Il semble déjà que la dynamique d’introduction en bourse et de levée de capitaux des foncières allemandes s’accélère. L’entrée en bourse de GSW et de Prime Office cette année a par exemple permis de lever 1 milliard d’euros de capitaux. En outre, la réintroduction de IVG dans l’index FTSE EPRA/NAREIT a encore renforcé l’offre allemande pour les investisseurs internationaux. Depuis l’année dernière, la part de l’Allemagne dans l’index FTSE EPRA / NAREIT Europe a progressé de 3,5 % à 6,0 %, une augmentation de plus de 75 % en termes de capitalisation. Plus important encore, la comparaison entre GOEFs et G-REITs est plus que jamais à l’avantage de ces derniers. Les nombreux problèmes de rachat et de liquidités mis en lumière lors de la crise financière, et les questions entourant la crédibilité des évaluations sous-jacentes ont clairement endommagé la réputation des GOEFs. Un récent sondage réalisé par Schroders parmi 112 investisseurs institutionnels exposés aux GOEFs montre que 38 % vont arrêter d’investir dans les GOEFs en raison de l’introduction récente d’une obligation de détention minimale de 2 ans. Par ailleurs, un tiers des répondants ont déclaré prévoir retirer leurs investissements des GOEFs dans les 12 prochains mois. Mais au-delà des spécificités propres aux différents véhicules de placement, l’Allemagne est tout simplement entrain de renforcer sa position comme l’un des marchés d’investissement les plus importants du monde. Dans un récent sondage CBRE sur les intentions des investisseurs (“European Investor Intentions in 2012”, mars 2011), 340 établissements ont été interrogés sur le pays en Europe qu’ils trouvaient le plus attractif. L’Allemagne a récolté la plus grande proportion des suffrages : 32 %, contre 18 % l’année précédente. Bien sûr, une telle étude ne porte que sur la demande potentielle, mais cette prédiction a déjà commencé à se traduire en volumes de transaction: 5,5 Mds€ au premier semestre 2011, soit une augmentation de 18 % par rapport au premier semestre 2010.

L’Allemagne et les priorités de l’EPRA

Faire de la croissance du secteur coté en Allemagne une priorité n’est pas nouveau pour l’EPRA. Les développements récents ne font que renforcer notre détermination à répondre au paradoxe allemand et contribuer à déverrouiller ce vaste potentiel. Nous poursuivons donc nos efforts pour informer le marché allemand sur les avantages de l’immobilier coté et des REITs et cherchons activement à recruter de nouveaux membres auprès des investisseurs et des foncières allemands.
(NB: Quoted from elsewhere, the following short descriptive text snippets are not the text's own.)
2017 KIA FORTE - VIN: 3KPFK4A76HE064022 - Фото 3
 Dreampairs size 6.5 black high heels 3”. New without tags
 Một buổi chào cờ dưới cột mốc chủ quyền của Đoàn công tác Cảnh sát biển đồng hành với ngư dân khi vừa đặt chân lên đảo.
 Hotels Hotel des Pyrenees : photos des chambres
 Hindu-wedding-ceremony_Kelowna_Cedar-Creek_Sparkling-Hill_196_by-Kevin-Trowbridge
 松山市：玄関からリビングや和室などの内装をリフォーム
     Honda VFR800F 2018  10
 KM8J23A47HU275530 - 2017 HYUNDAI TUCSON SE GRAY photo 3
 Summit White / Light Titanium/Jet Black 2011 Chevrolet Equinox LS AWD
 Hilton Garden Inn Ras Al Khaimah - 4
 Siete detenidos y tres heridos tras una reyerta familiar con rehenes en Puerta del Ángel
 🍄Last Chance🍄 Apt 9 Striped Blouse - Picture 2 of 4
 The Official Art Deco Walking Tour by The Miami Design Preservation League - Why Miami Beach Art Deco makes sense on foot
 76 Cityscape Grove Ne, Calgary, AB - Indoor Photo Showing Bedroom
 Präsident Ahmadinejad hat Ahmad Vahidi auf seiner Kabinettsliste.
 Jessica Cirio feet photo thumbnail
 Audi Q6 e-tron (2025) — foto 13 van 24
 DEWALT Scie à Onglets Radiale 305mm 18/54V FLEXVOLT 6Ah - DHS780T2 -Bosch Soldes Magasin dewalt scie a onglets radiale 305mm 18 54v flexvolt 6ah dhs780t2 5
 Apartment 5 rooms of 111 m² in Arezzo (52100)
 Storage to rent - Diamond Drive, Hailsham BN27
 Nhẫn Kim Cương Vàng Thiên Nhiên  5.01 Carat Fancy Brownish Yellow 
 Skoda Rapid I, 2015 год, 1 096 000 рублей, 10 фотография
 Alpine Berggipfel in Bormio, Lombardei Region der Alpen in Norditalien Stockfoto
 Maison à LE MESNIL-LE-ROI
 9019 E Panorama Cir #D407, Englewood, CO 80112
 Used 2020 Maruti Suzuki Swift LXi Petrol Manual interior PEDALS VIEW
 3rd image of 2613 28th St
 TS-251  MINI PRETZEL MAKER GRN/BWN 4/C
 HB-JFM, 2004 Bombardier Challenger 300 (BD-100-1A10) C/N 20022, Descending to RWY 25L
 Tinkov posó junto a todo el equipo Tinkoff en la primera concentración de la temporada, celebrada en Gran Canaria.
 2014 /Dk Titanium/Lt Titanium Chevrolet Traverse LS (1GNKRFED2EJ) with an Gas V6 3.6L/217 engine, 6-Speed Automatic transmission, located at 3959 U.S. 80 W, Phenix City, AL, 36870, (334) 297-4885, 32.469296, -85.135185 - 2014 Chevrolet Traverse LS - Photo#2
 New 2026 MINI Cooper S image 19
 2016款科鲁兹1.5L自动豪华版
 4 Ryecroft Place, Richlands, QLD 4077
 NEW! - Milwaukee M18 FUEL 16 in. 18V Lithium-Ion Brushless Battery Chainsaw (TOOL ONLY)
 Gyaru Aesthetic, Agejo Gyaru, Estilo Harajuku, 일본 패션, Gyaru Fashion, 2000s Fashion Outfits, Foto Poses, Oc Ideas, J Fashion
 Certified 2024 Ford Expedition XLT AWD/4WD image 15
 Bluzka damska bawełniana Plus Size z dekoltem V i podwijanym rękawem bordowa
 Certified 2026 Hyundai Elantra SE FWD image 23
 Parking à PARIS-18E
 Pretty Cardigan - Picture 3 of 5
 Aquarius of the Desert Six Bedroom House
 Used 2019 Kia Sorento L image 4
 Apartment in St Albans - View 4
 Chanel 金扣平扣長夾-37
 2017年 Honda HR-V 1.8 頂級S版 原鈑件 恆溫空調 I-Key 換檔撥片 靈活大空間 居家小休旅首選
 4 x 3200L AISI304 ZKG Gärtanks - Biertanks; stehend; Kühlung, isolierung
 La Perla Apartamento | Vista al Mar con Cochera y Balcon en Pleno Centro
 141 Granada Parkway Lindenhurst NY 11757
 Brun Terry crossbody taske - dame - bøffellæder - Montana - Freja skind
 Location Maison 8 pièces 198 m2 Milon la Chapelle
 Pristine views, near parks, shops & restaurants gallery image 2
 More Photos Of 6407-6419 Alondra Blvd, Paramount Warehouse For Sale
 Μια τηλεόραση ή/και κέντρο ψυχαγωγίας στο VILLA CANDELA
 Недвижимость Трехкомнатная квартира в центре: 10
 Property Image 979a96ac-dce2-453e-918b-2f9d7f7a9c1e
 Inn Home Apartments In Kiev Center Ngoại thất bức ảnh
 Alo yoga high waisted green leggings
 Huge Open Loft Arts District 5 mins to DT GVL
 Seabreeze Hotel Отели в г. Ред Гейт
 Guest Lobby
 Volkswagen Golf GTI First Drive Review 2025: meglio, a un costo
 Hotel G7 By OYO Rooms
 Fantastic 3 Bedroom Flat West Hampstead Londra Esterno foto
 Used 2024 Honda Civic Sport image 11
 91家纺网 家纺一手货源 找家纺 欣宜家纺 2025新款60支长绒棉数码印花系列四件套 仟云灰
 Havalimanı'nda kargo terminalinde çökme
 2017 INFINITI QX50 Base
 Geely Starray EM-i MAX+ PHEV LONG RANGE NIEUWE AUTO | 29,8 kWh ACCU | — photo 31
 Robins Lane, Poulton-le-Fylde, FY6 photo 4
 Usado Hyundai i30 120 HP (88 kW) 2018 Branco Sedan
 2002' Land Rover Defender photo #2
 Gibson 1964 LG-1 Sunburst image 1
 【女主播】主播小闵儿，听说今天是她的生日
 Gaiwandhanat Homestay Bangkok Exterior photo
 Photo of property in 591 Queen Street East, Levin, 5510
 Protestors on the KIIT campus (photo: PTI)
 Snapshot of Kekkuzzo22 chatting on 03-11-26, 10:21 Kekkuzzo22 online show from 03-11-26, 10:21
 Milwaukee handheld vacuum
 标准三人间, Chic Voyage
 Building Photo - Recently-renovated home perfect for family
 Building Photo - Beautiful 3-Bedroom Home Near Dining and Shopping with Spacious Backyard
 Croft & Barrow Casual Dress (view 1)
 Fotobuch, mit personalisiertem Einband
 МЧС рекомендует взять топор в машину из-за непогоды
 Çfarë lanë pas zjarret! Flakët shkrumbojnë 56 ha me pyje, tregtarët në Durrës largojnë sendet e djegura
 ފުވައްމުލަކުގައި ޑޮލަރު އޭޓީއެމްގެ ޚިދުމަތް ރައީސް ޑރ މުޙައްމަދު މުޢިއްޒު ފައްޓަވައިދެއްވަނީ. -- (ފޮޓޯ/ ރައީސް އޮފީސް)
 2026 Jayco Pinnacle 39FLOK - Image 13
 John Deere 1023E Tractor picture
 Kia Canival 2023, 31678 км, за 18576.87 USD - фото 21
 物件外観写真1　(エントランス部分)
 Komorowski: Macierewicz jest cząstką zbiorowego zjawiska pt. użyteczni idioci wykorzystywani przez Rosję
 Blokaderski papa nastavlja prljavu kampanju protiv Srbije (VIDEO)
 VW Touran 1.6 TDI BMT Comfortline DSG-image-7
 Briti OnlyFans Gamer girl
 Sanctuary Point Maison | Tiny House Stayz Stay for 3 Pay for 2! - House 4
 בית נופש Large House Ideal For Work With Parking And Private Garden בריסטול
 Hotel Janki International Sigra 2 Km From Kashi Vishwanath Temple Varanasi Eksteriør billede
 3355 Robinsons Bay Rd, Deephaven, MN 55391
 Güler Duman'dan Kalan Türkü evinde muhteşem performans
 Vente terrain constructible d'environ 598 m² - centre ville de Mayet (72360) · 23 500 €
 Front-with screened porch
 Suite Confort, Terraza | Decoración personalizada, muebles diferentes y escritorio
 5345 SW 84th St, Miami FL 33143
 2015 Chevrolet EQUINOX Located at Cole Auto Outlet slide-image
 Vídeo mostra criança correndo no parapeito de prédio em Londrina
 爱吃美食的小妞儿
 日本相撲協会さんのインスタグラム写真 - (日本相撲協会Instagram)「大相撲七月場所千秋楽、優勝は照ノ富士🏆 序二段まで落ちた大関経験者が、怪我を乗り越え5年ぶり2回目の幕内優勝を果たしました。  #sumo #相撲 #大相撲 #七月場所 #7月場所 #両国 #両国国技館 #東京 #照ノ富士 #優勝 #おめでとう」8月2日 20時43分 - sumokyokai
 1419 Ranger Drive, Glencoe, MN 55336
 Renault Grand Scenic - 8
Nous avons également noué un partenariat solide avec ZIA, la fédération de l’immobilier allemand et nous efforçons de tirer parti de toutes les synergies possibles entre nos organisations. Nous allons également accroître notre présence sur le sol allemand, notamment en participant activement à des événements comme la conférence des investisseurs ZIA en Octobre à Francfort. Par ailleurs, notre prochaine conférence annuelle aura lieu les 6-7 septembre 2012 à Berlin. L’Allemagne pourrait bien être à l’avant garde d’une nouvelle période d’expansion pour l’immobilier coté européen. EPRA travaillera en étroite collaboration avec ZIA et utilisera toutes ses ressources pour soutenir et promouvoir le secteur auprès des investisseurs, des gouvernements et des autorités de marché de la manière la plus forte possible.